Well, here is my birth story, as promised :flower:

For those who want simple and sweet, Nathaniel came into this world on Sept 26 at 10:23pm, weighing a beautiful 7lbs 2oz, a carbon copy of his older brother after 3 1/2 hours of active labor and 2 pushes.

Now, for the details:

My waters broke on Saturday at 1pm, while I was taking a short nap with my DS. I started to get small contractions, but nothing too regular or strong. I was hoping that I would go into hard labor that night, as my in laws (whom we live with) were going to a wedding and would be gone that night. My DH got the birthing ball out of the storage, and I bounced on it merrily while watching the Newsies. However, despite all the hoping and bouncing in the world, my in laws got back at 9, my waters were still leaking, but nothing really happening labor-wise. I eventually went to bed at 11pm, certain that I would wake up in labor. I woke up at 1am to a bigger contraction, but looking back it was probably just bigger because I had to go pee. I was up for 2 hours, then went back to bed, disappointed that nothing was happening.

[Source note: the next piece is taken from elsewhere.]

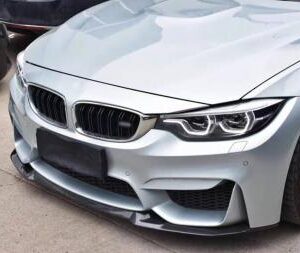 F80 F82 CS Style Carbon Front Lip made from real carbon fiber with a clear coat finish.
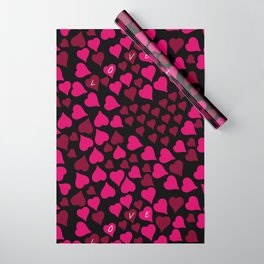 Abstract Hot Pink Hearts on Black Wrapping Paper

I woke up at 6:30a, ate breakfast and then dragged hubby on a 2 1/2 mile walk in the desert. I felt like the walking was helping things move along, but the contractions were still not as strong as I would like. Everyone in the house was getting anxious, and MIL kept asking if anything was happening. I was keeping well hydrated, and waters were still leaking, so I wasn't worried about having a dry labor or infection. I told hubby I was starting to feel claustrophobic, and we both decided it would be best to make a trek into town to get our minds off things, and for a change in scenery.I took some EPO before leaving the house. We took our DS with us and went to Walmart, bought a few things that we needed (like a carseat for our son... you think we waited until the last minute for it? :haha:) We then went to the chiropractor's office where we work, let ourselves in (as it was Sunday and closed) and laid on the roller tables for a good half hour. It was utter bliss.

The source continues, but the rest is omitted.